* _Data for this task_:

*****

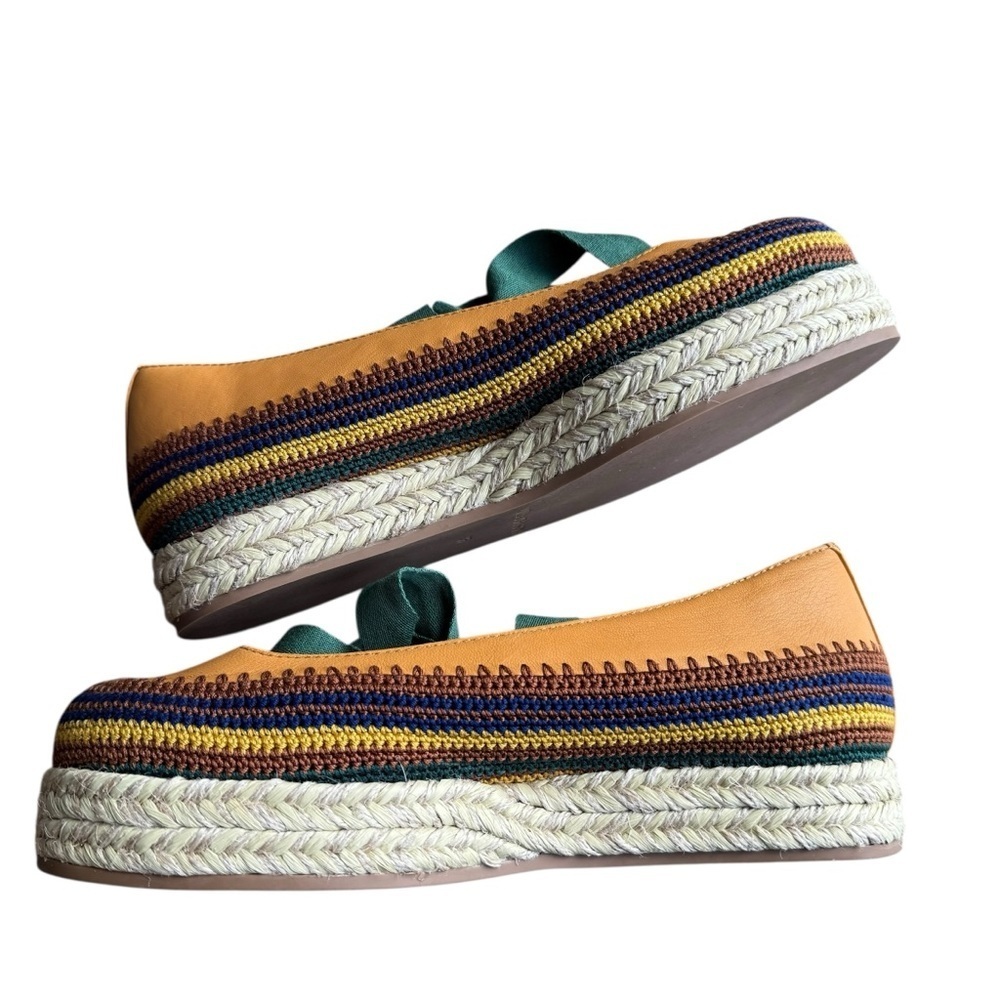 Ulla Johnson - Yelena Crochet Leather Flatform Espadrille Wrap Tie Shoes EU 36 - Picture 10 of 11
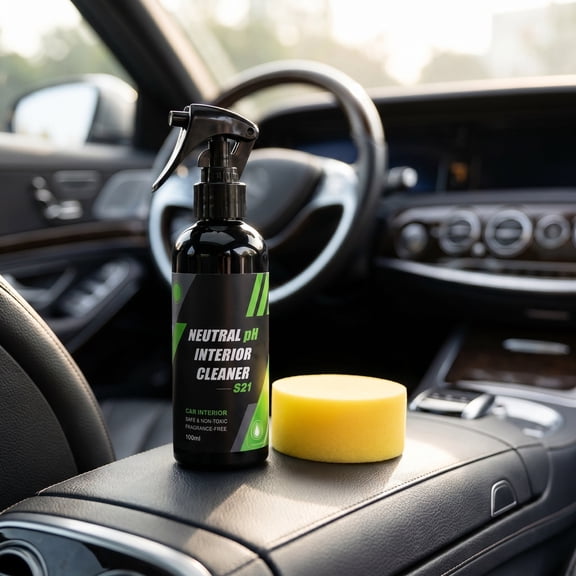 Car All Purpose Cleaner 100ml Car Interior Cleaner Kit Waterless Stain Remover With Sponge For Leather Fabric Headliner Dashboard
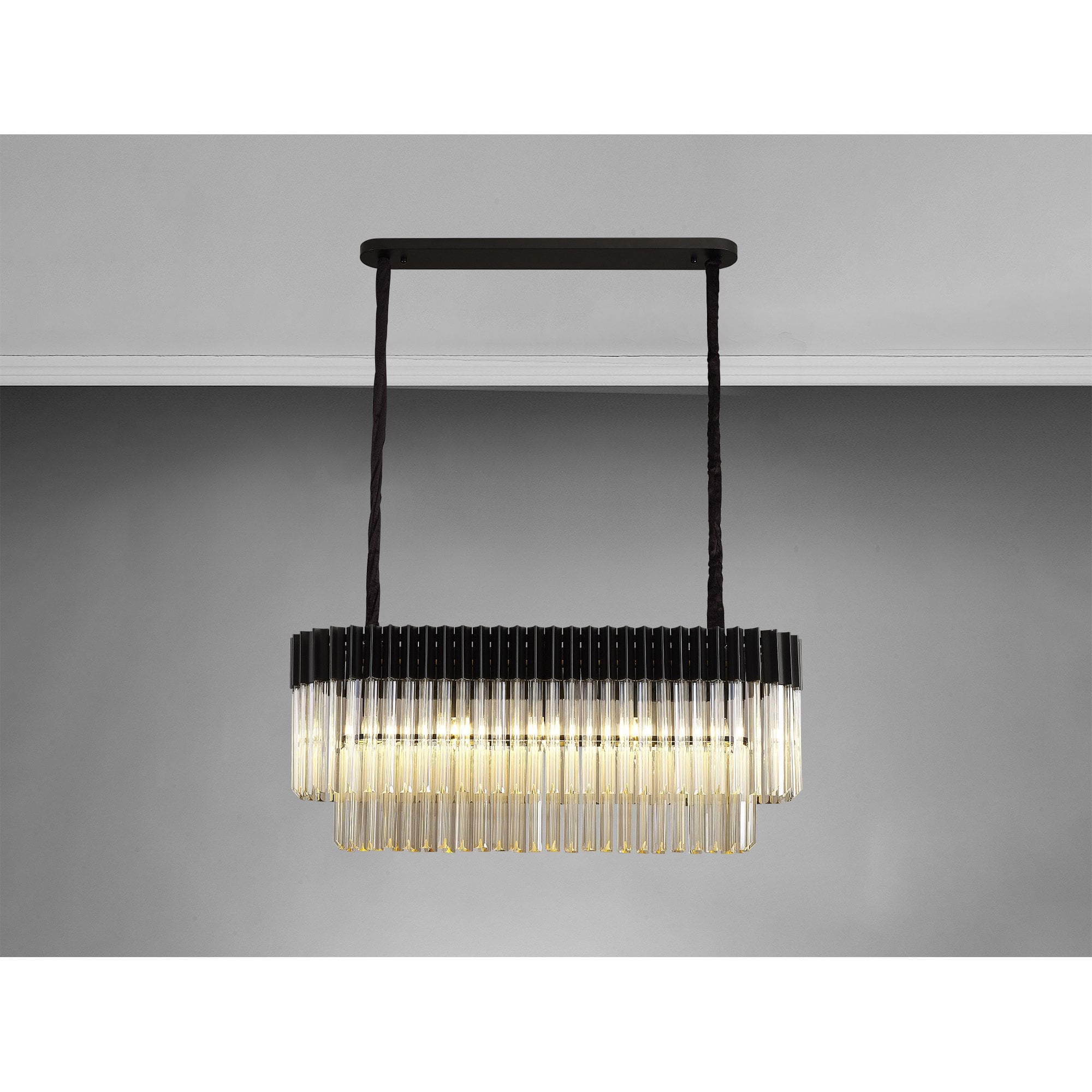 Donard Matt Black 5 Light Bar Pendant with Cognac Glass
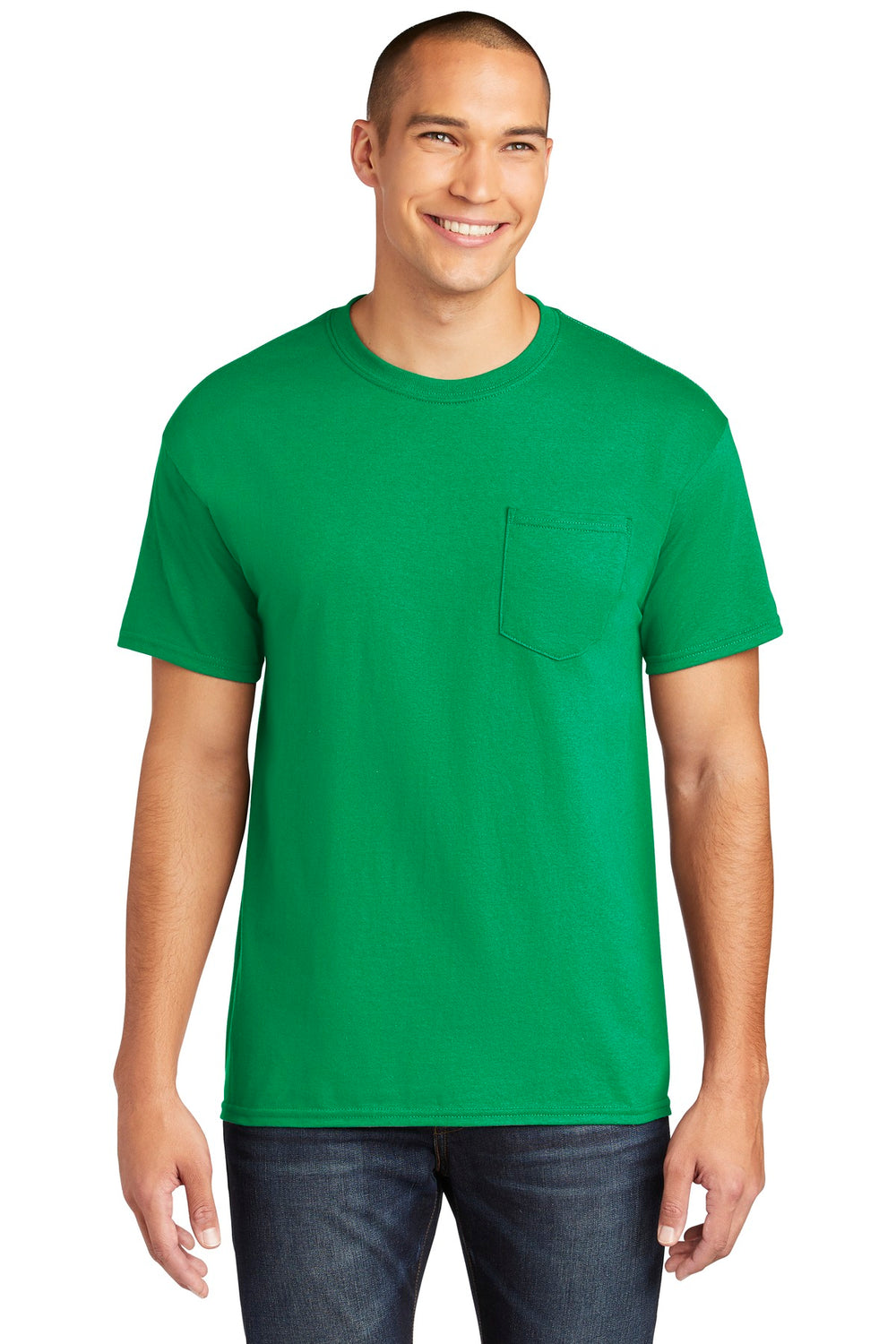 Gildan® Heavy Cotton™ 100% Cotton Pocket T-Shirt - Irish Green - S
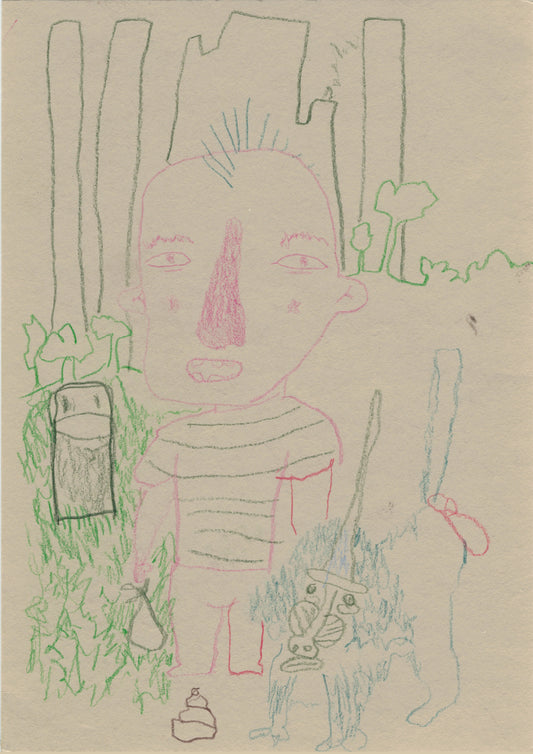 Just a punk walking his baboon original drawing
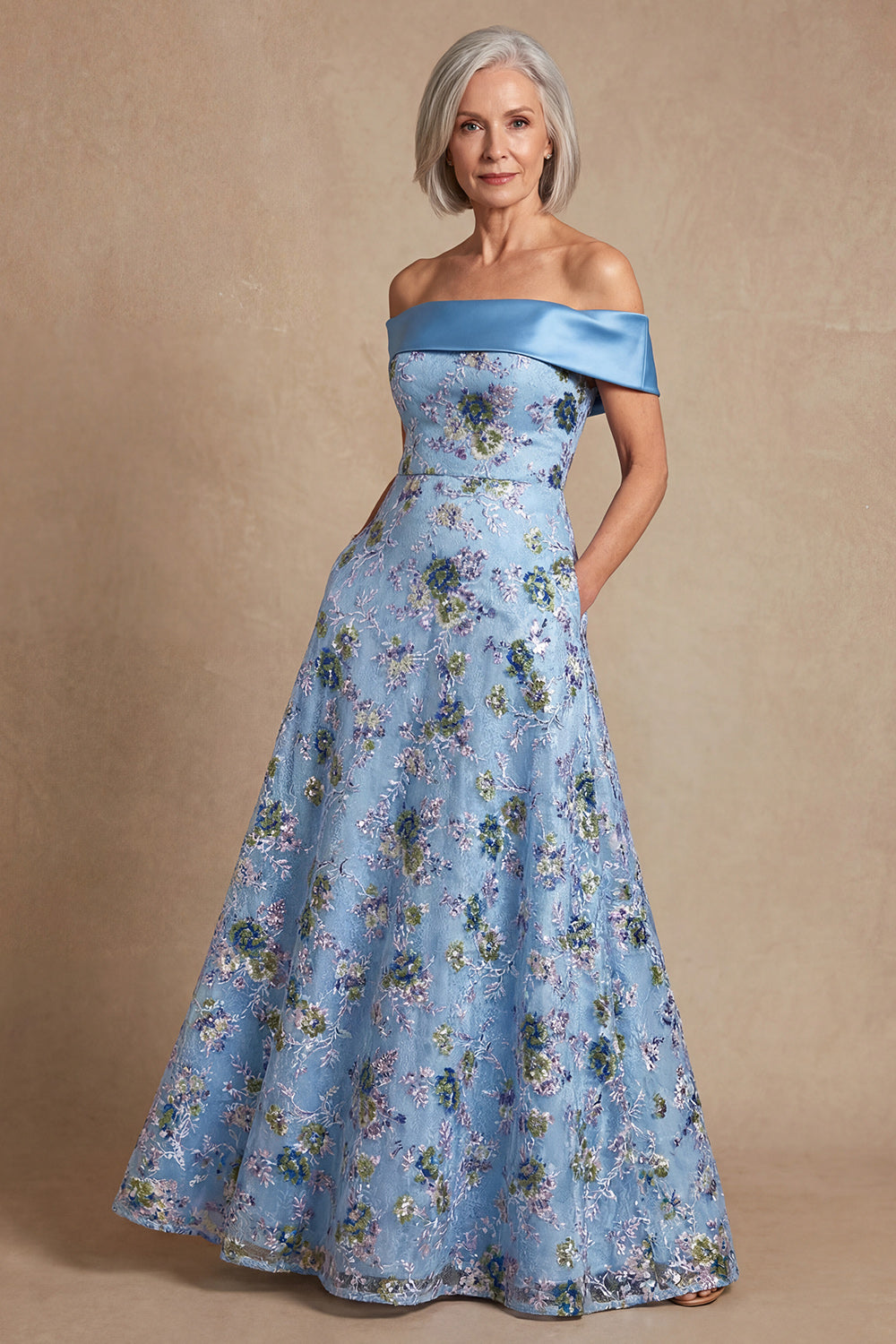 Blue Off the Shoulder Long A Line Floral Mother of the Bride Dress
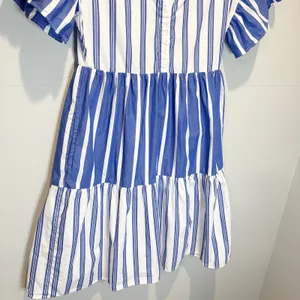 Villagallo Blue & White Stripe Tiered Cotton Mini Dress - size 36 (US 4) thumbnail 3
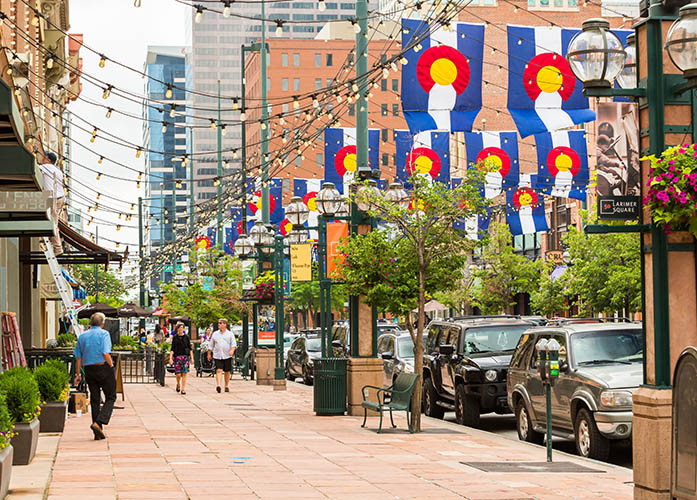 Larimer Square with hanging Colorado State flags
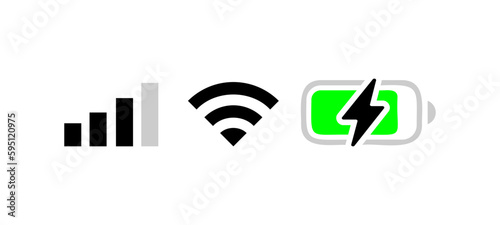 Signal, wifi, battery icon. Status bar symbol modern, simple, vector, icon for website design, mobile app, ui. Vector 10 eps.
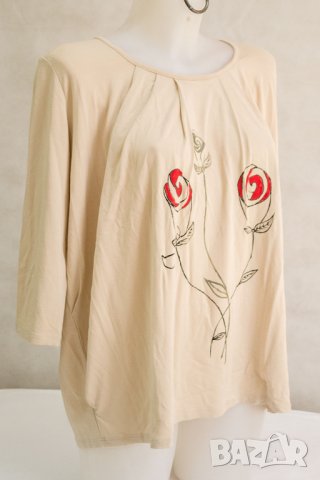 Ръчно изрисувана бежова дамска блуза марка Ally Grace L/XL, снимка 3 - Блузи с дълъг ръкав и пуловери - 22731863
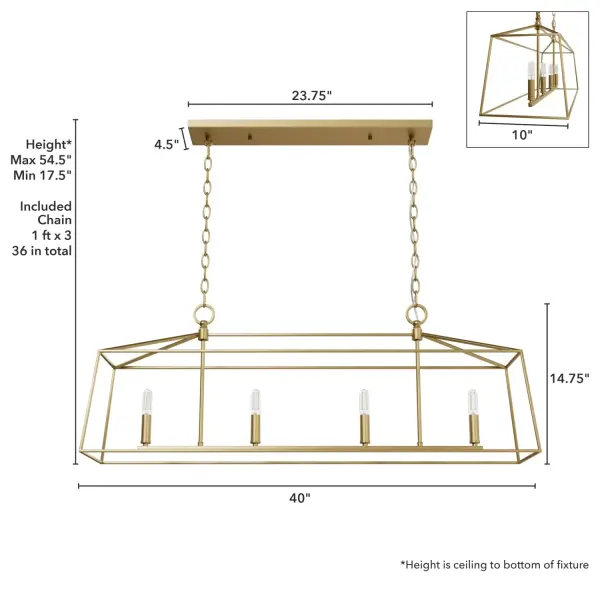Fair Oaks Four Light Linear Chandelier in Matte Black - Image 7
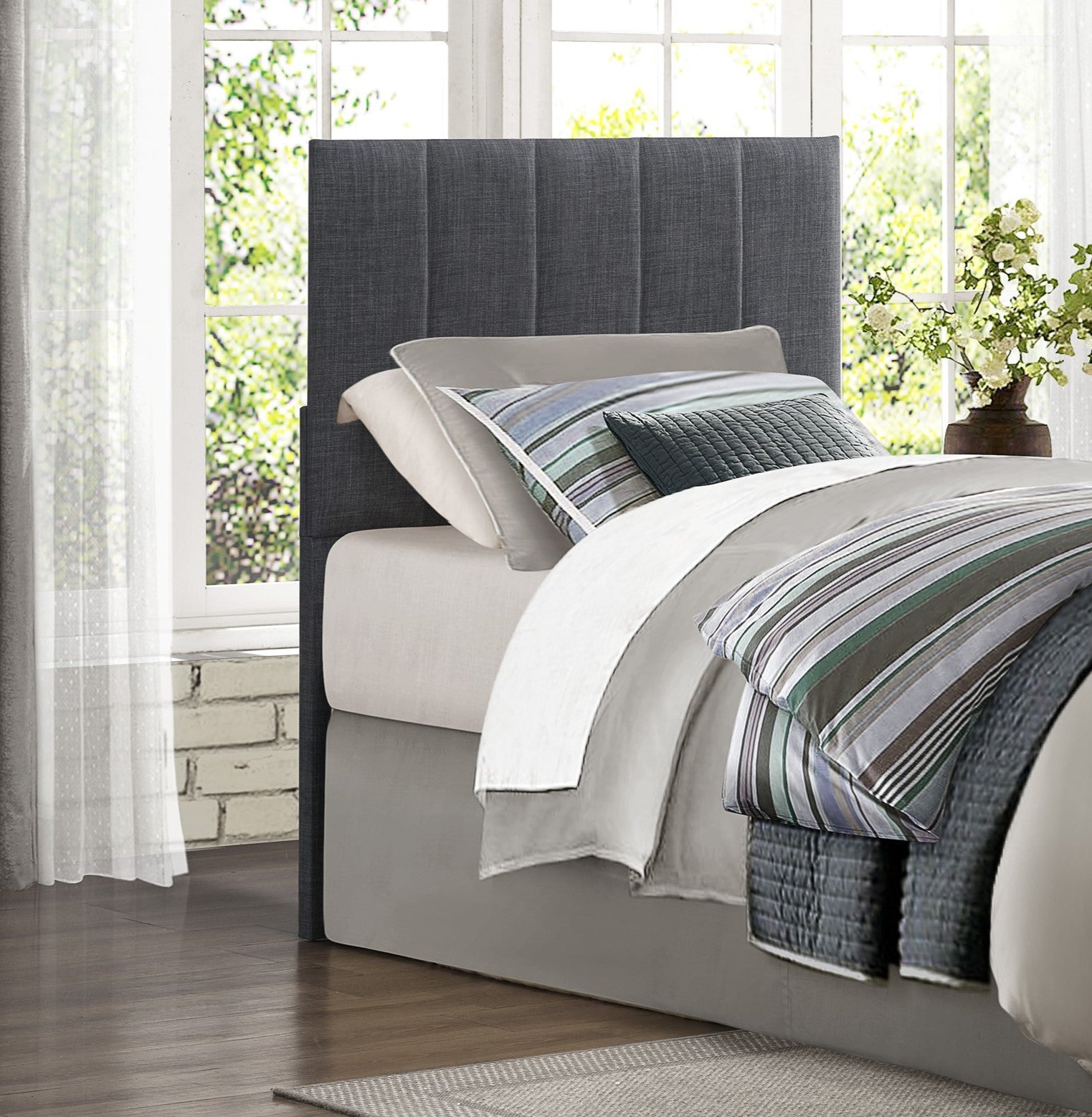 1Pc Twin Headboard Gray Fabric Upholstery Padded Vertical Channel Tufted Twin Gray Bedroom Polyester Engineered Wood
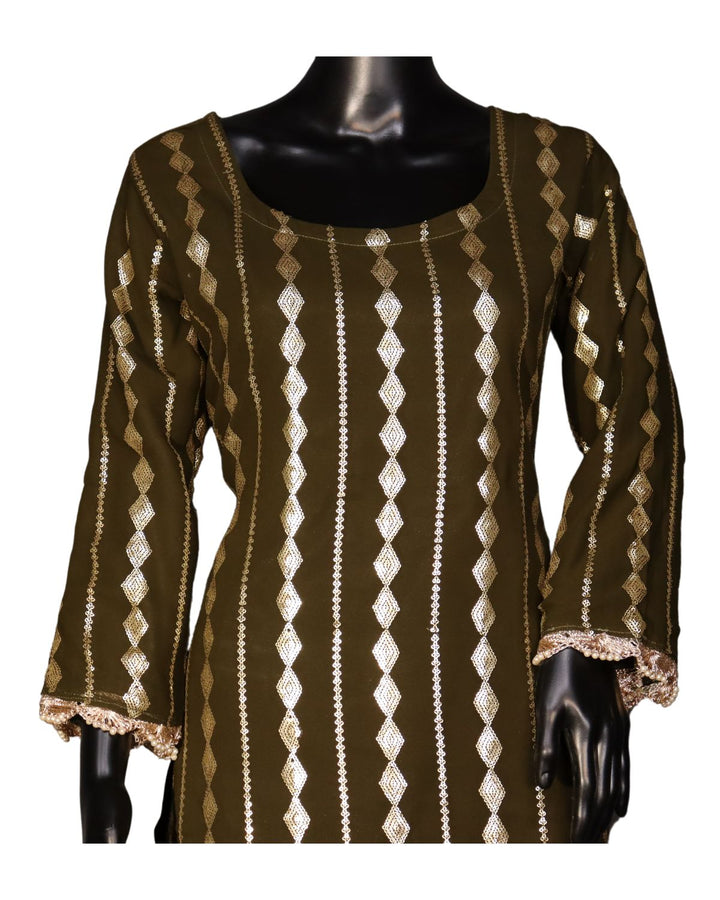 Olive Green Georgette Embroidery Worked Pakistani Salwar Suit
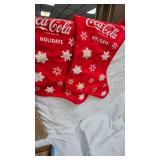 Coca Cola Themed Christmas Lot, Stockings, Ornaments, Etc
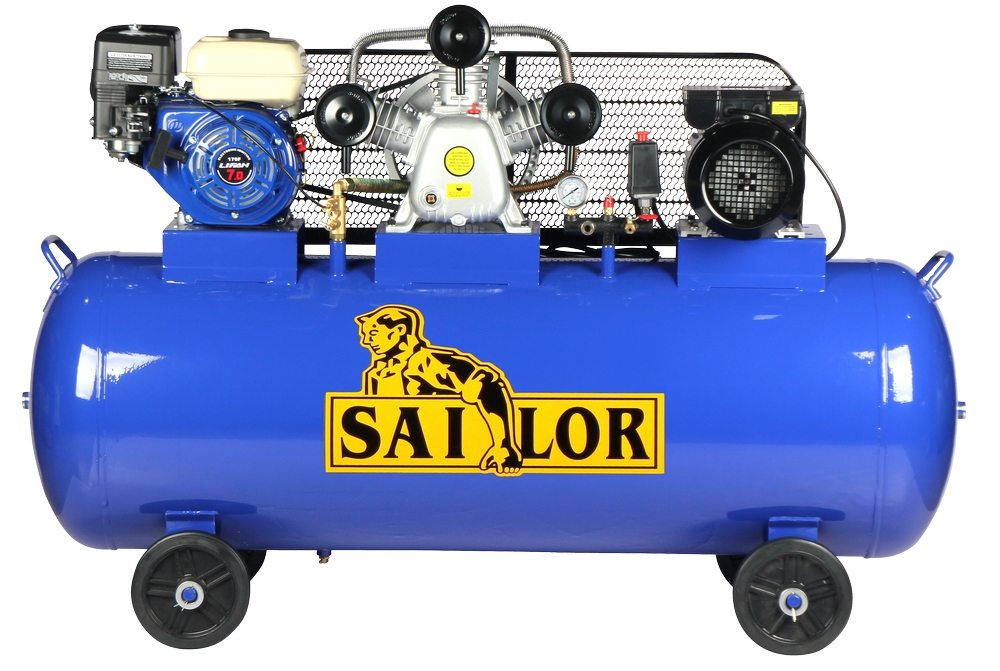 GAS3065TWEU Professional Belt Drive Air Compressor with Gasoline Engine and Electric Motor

*****

* _Goal of the exercise_:
Repeat the lines above exactly, and keep every picture out.

* _Expected output_:
 Ulla Johnson - Yelena Crochet Leather Flatform Espadrille Wrap Tie Shoes EU 36 - Picture 10 of 11
 Car All Purpose Cleaner 100ml Car Interior Cleaner Kit Waterless Stain Remover With Sponge For Leather Fabric Headliner Dashboard
 Donard Matt Black 5 Light Bar Pendant with Cognac Glass
 Gildan® Heavy Cotton™ 100% Cotton Pocket T-Shirt - Irish Green - S
 Just a punk walking his baboon original drawing
 Blue Off the Shoulder Long A Line Floral Mother of the Bride Dress
 Villagallo Blue & White Stripe Tiered Cotton Mini Dress - size 36 (US 4) thumbnail 3
 Larimer Square with hanging Colorado State flags
 Signal, wifi, battery icon. Status bar symbol modern, simple, vector, icon for website design, mobile app, ui. Vector 10 eps.
 Ръчно изрисувана бежова дамска блуза марка Ally Grace L/XL, снимка 3 - Блузи с дълъг ръкав и пуловери - 22731863
Fair Oaks Four Light Linear Chandelier in Matte Black - Image 7
 1Pc Twin Headboard Gray Fabric Upholstery Padded Vertical Channel Tufted Twin Gray Bedroom Polyester Engineered Wood
 Olive Green Georgette Embroidery Worked Pakistani Salwar Suit
 Coca Cola Themed Christmas Lot, Stockings, Ornaments, Etc
 GAS3065TWEU Professional Belt Drive Air Compressor with Gasoline Engine and Electric Motor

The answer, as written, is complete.